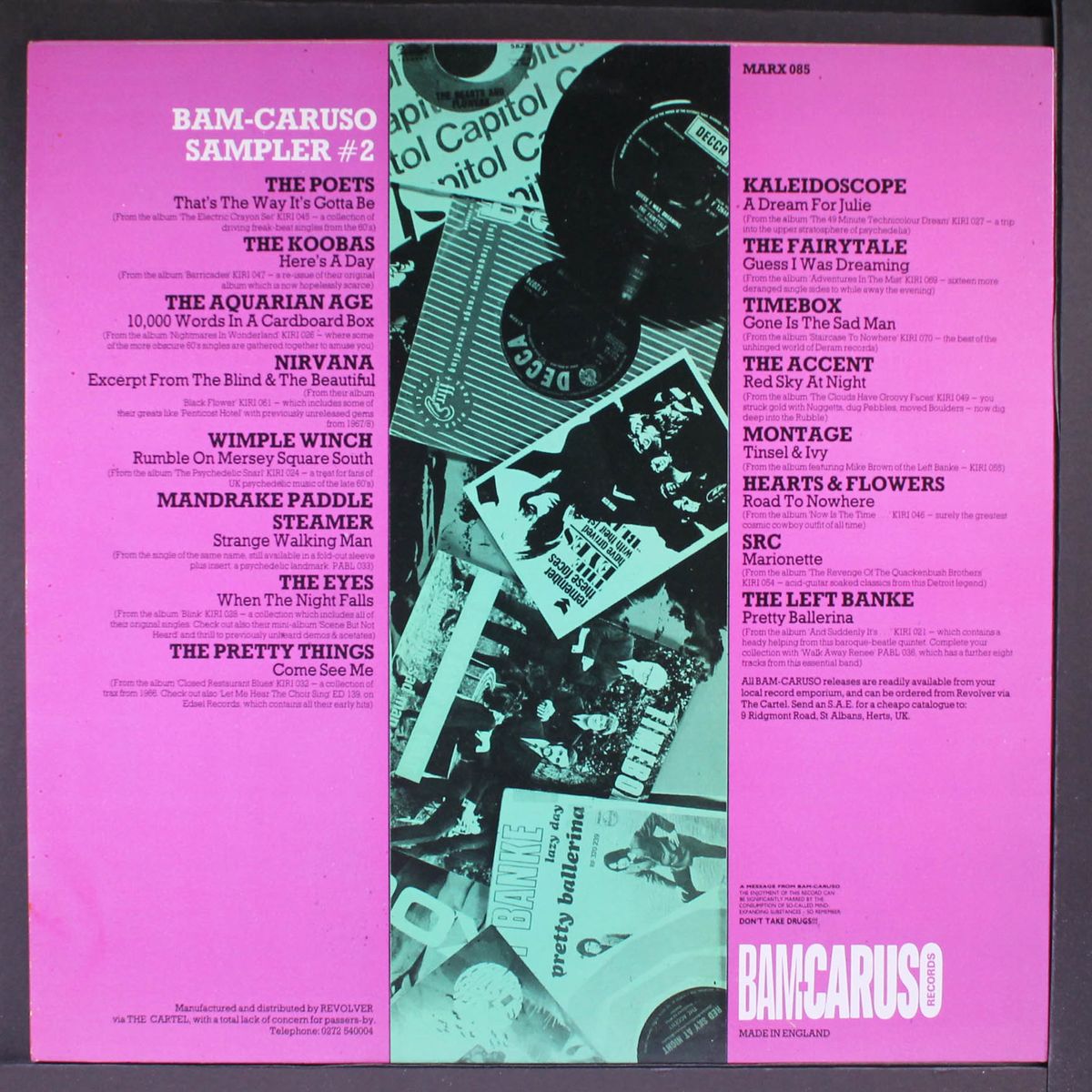 illusions from the crackling void by VARIOUS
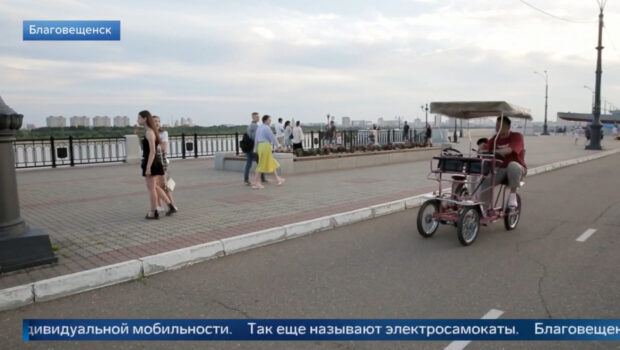 Благовещенск и Елабуга ввели запрет на использование электросамокатов в городе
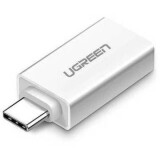 Переходник USB A (F) - USB Type-C, UGREEN US173 (30155)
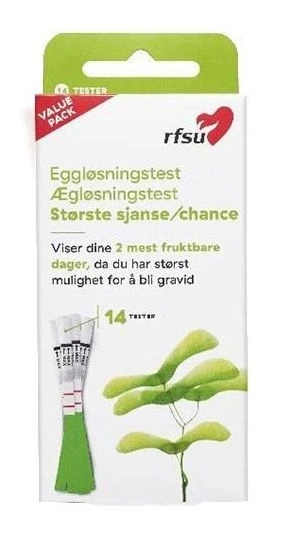RFSU eggløsningstest 14 stk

════════════════

▸ **TASK DESCRIPTION**
The response should reproduce all the material above exactly and leave out its pictures.

▸ **EXERCISE RESULT**
 illusions from the crackling void by VARIOUS
 Благовещенск и Елабуга ввели запрет на использование электросамокатов в городе
 Переходник USB A (F) - USB Type-C, UGREEN US173 (30155)
RFSU eggløsningstest 14 stk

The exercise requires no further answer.